__Data to use__
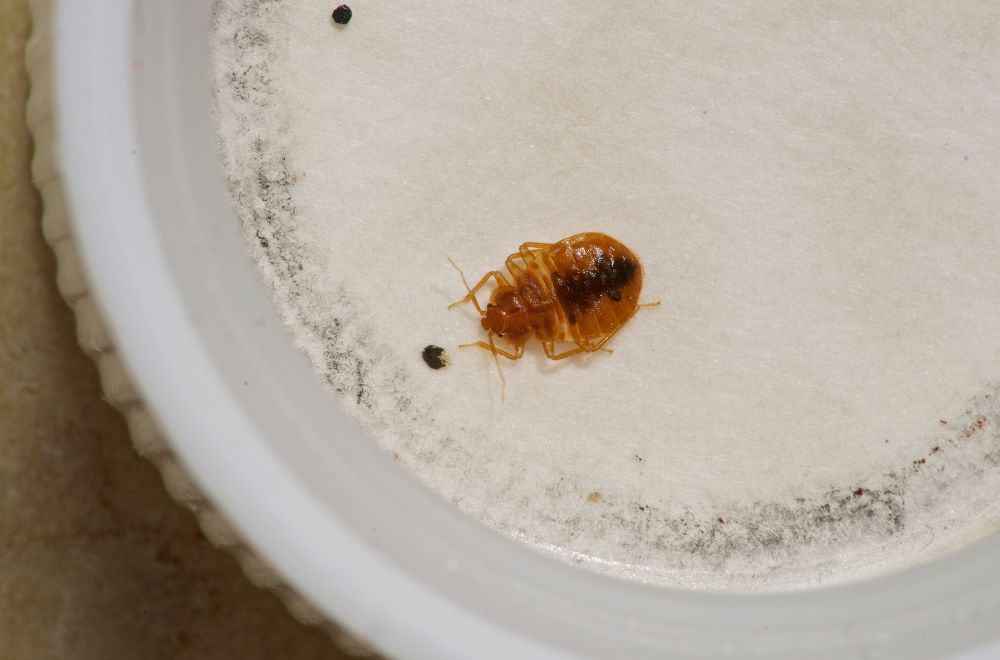 Bed bugs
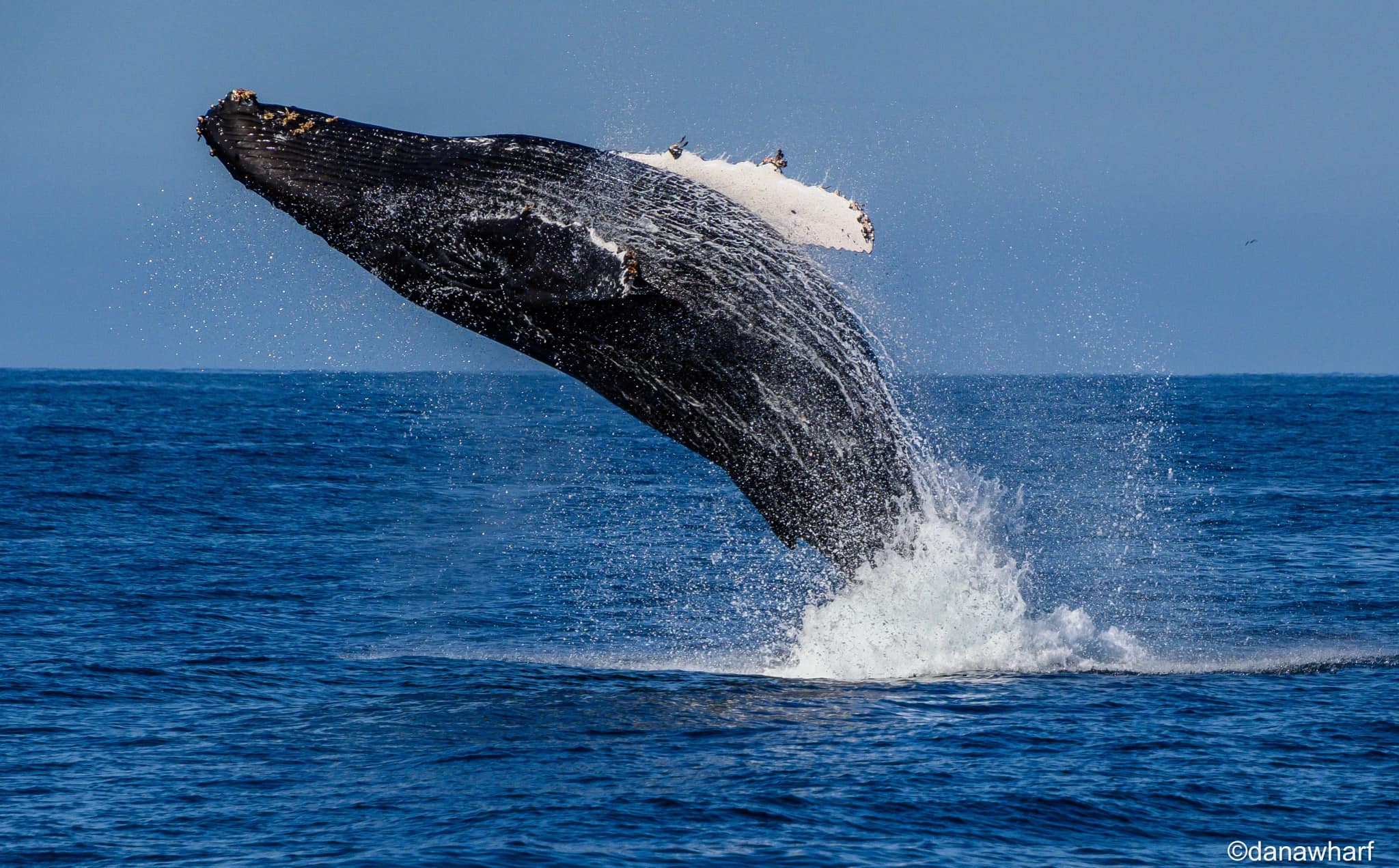 Juneau Whale Watching Tours | Our Top Picks | ALASKA.ORG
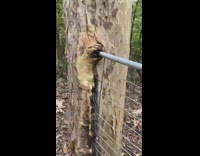 Metal fence that combines and grew into the tall tree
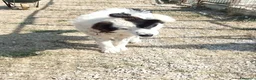 Meticcio cani in regalo: Giulio Cesare spettacolo in adozione  - Annuncio 8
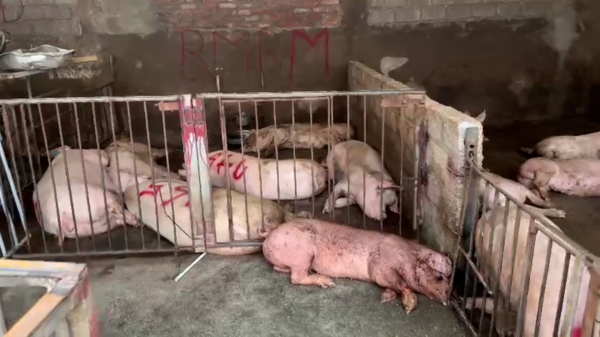 Thu giữ 31 con lợn, 2.700 kg sản phẩm động vật không đảm bảo vệ sinh thú y và an toàn thực phẩm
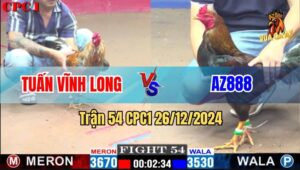 Trận 54 CPC1 26/12/2024 - Gà Điều Của AZ888 Đá Quá Đẳng Cấp
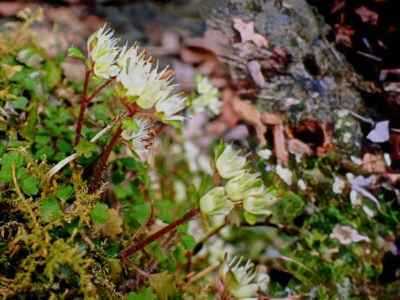岩場で水しぶきを浴びながら咲いている&nbsp;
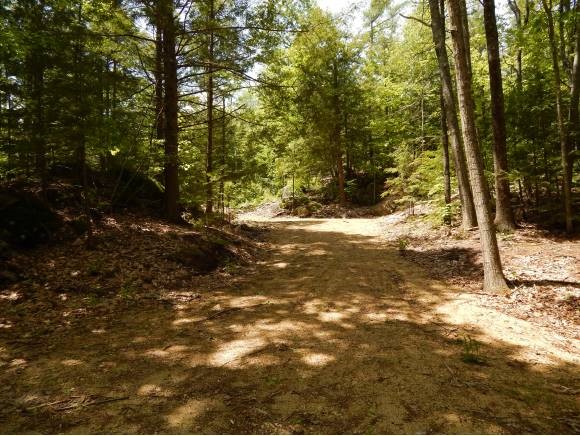 Lot #3 S Road Newbury, NH 03255 - Photo 1 of 6 Gallery Image 1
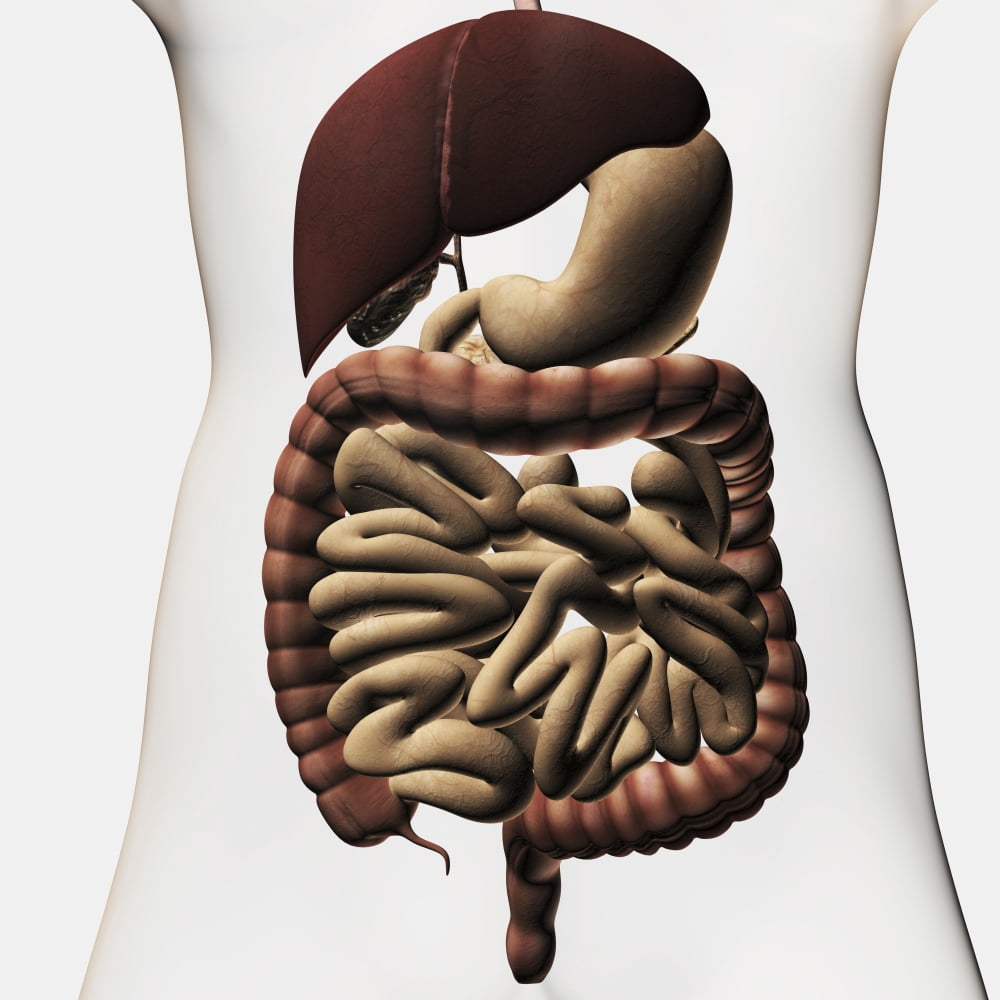 Medical illustration showing the human digestive system Canvas Art - Stocktrek Images (29 x 29)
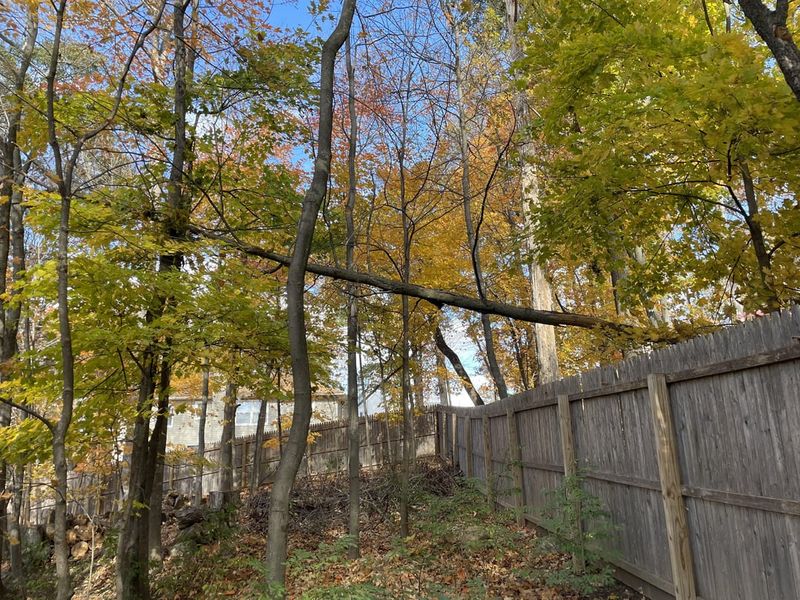 Preventive Measures Save Money and Relationships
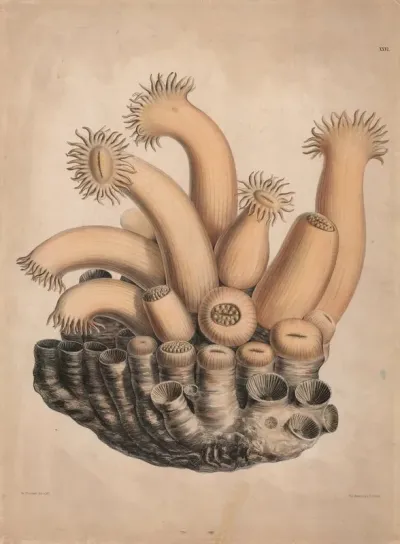 Organisms 2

__Activity__
Go from the first line of the data above to the line containing "Meticcio cani in" and retype exactly those lines, both included, but none of the pictures.

__Output for this task__
 Bed bugs
 Juneau Whale Watching Tours | Our Top Picks | ALASKA.ORG
 Metal fence that combines and grew into the tall tree
 Meticcio cani in regalo: Giulio Cesare spettacolo in adozione  - Annuncio 8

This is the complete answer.